I take it, using the priest analogy, that you are of the feminist laiety.
I should add, for those who don't visit his site regularly, that he read a number of books by these feminists and quoted them chapter and verse. This is not something he pulled out of thin air.
Frankly, I find McCain a crank; but that doesn't make him wrong.
The "sex is rape" assertion dates back to and possibly originates with deceased radical feminist Andrea Dworkin. It remains as nutty a proposition now as then.
...and being "offended" by his view/articulation sounds about right too. Offensive. Everything with which we don't agree is "offensive".
Quoting that line from Dylan is why I think Althouse is an "honorary conservative." I know she really isn't one, but you know what? Hippies believed in human freedom more than most, somehow their love for liberty got bought off by the socialists who gave them libertine-ism as a weak substitute, like Coffee Rich for cream.

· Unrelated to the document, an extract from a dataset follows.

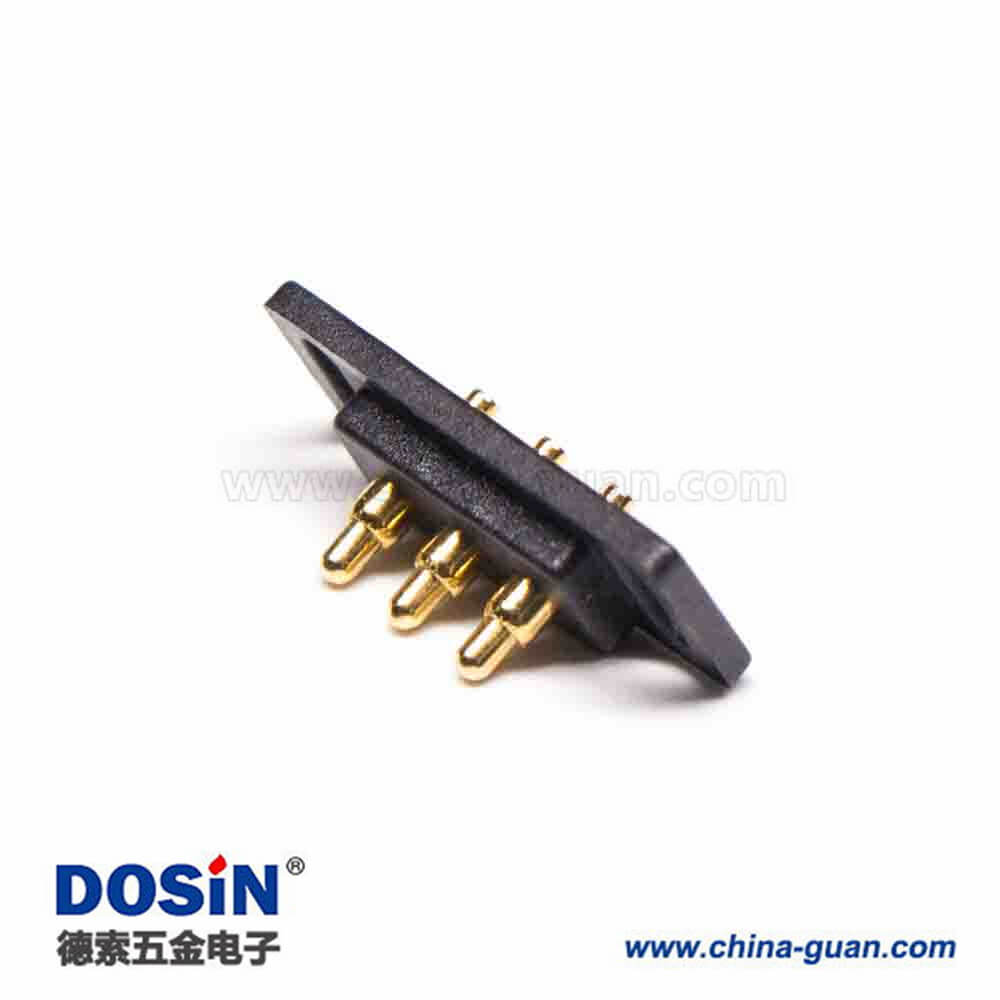 多芯插針連接器3芯單排插入焊接式2.5MM間距鍍金黃銅3芯Pogo Pin連接器 多芯插針連接器3芯單排插入焊接式2.5MM間距鍍金黃銅3芯Pogo Pin連接器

McCain is really doing what many politicians do to embarrass their opponents, but with a twist - instead of quoting a politician's most unhinged supporters, he's quoting feminism's most unhinged founders and scholars. Which pretty much makes sense if you think about it.
"Hippies believed in human freedom more than most," That's why so many opposed income taxes, FICA, subsidies for home owners, businesses, retirees, the disabled. Because freedom.

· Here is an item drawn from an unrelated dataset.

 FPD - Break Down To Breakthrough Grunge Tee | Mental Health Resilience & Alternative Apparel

McCain/academic feminism and lay feminism differ but represent ends of a spectrum. It is not about equality or liberty but justice: as a normative proposition, feminism is the idea that women should get what they deserve. What they deserve is 1. to turn the tables on men, as compensation for past injustice 2. more, because. Rhetorical strategies in support of it just vary in intensity at different ends. "Male sex = rape" demands more table-turning etc.

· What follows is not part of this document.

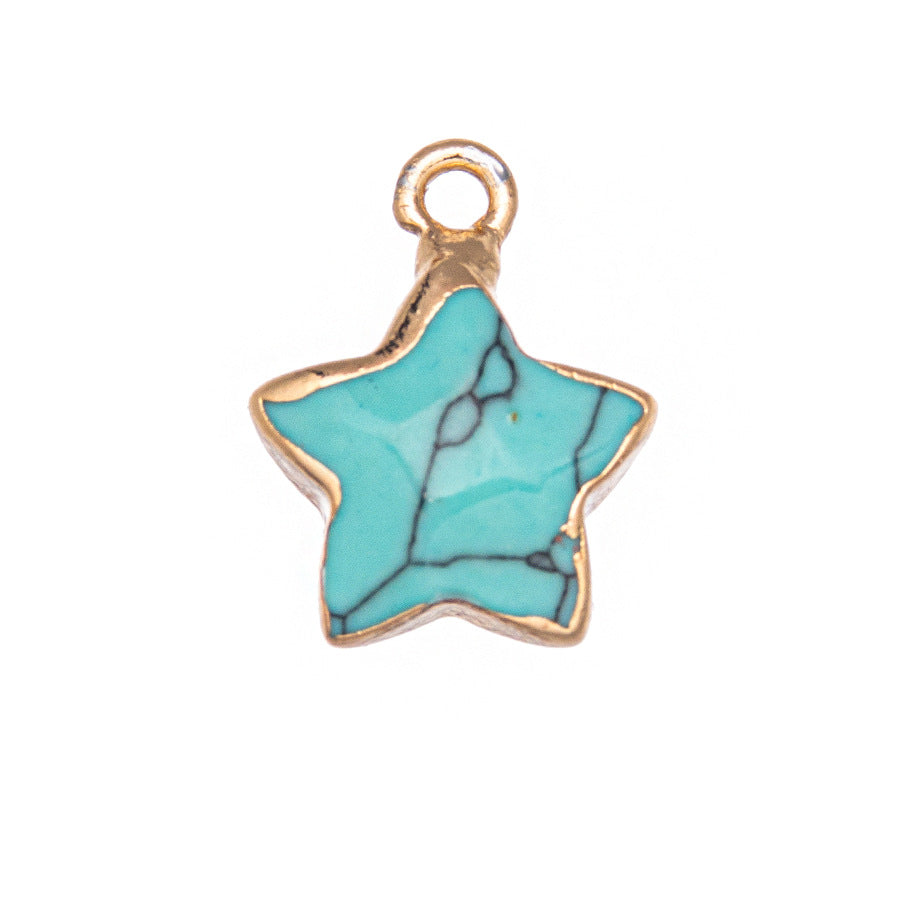 Pingente de Cristal Pentagrama Facetado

What would be interesting is a response to McCain from a Women's Studies department, and one exists, I suppose, in Madison. A statement of what actually is in their curriculum, to what degrtee they approve of the ideology that McCain has distilled from the textbooks and required readings, and what, in detail, consists the creed which their professors profess.
This is the form of a correct response to McCain.
Christian apologists have been writing such for thousands of years.
This is an interesting form of argument, . . ."
If by interesting you mean annoying and all too common, then I agree with you.
Equality is everybody getting together and eating the seed corn.
Holdfast, that is not what McCain is claiming.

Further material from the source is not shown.